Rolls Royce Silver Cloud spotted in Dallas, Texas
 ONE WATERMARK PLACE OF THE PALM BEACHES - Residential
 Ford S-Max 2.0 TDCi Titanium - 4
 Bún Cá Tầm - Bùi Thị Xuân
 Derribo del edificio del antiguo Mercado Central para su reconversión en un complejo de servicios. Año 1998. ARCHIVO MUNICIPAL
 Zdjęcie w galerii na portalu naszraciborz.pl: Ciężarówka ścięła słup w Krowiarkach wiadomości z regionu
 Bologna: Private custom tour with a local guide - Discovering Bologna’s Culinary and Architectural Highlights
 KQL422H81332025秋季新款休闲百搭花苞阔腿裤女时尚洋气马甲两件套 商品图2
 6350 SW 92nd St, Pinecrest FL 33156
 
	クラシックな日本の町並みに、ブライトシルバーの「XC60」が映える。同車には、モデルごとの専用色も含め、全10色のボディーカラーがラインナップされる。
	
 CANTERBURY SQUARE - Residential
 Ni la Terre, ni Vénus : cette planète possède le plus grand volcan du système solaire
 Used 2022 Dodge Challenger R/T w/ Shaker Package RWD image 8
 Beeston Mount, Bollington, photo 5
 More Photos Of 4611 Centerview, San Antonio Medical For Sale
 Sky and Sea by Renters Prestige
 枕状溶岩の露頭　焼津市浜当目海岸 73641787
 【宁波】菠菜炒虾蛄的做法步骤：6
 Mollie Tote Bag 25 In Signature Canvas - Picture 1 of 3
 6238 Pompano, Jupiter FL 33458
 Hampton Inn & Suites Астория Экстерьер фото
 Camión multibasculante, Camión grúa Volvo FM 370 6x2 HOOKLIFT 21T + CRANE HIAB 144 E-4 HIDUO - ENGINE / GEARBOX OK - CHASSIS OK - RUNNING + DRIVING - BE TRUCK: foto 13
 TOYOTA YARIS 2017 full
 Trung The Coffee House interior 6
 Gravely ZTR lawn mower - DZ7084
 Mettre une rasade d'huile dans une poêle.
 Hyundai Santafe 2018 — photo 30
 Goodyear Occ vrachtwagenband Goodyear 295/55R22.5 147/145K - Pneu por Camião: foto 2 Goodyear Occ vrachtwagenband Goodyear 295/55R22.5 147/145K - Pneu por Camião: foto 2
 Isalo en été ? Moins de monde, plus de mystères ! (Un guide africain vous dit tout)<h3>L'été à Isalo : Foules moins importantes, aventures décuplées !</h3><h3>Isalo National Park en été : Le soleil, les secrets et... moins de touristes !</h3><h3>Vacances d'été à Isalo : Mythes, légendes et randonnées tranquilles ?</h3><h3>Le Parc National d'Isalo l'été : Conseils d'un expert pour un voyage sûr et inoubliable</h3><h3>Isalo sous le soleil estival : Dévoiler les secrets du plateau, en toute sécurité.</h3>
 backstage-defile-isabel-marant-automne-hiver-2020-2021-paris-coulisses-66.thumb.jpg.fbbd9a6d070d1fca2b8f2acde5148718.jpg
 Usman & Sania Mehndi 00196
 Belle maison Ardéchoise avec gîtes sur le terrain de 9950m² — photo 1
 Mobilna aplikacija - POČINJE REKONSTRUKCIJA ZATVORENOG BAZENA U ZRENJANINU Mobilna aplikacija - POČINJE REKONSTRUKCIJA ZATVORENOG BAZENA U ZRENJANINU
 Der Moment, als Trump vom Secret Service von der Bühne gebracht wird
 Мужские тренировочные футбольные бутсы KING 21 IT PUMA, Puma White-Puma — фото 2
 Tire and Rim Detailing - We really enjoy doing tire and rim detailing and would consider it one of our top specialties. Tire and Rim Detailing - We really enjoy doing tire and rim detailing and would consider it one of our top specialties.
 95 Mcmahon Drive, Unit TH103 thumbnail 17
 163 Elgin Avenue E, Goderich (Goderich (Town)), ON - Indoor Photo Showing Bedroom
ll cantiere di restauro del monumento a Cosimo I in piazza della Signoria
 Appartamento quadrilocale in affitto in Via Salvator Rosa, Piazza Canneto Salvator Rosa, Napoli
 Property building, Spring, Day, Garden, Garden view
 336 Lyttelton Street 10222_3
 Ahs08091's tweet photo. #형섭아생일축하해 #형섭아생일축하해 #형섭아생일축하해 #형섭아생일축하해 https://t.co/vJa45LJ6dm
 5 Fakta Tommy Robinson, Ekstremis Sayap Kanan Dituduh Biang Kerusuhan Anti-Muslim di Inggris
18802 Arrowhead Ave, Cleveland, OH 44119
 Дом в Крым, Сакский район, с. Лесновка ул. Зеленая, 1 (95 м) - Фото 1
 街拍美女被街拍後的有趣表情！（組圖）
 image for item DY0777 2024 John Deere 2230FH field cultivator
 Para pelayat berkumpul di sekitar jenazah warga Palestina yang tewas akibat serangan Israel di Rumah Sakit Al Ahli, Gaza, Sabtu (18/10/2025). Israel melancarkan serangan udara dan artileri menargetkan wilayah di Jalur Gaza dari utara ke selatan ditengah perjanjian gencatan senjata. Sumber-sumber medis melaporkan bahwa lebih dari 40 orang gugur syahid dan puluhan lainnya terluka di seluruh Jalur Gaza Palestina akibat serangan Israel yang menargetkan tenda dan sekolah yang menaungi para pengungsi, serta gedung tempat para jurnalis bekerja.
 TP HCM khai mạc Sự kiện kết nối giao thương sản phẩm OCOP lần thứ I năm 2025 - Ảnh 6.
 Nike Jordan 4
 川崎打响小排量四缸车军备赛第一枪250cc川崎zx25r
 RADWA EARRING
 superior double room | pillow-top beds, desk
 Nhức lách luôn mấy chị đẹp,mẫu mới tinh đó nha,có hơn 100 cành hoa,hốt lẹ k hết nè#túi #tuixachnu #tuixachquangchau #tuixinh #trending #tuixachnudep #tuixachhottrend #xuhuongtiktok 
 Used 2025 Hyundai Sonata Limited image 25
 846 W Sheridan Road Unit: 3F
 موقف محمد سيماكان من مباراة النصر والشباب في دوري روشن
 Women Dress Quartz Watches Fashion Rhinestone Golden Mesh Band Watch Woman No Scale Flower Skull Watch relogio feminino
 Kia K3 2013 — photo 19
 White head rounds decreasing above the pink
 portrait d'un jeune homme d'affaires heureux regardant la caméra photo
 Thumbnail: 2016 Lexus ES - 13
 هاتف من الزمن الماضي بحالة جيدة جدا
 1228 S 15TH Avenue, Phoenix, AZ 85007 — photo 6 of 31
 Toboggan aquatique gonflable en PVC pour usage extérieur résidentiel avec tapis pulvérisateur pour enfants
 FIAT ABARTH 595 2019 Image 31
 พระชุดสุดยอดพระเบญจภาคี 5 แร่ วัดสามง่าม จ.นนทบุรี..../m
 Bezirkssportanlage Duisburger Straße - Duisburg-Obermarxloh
□ □ □
How to complete this task:
When the word "White" shows up in a line of the entries, report that line.

Final answer:
 Мужские тренировочные футбольные бутсы KING 21 IT PUMA, Puma White-Puma — фото 2
 White head rounds decreasing above the pink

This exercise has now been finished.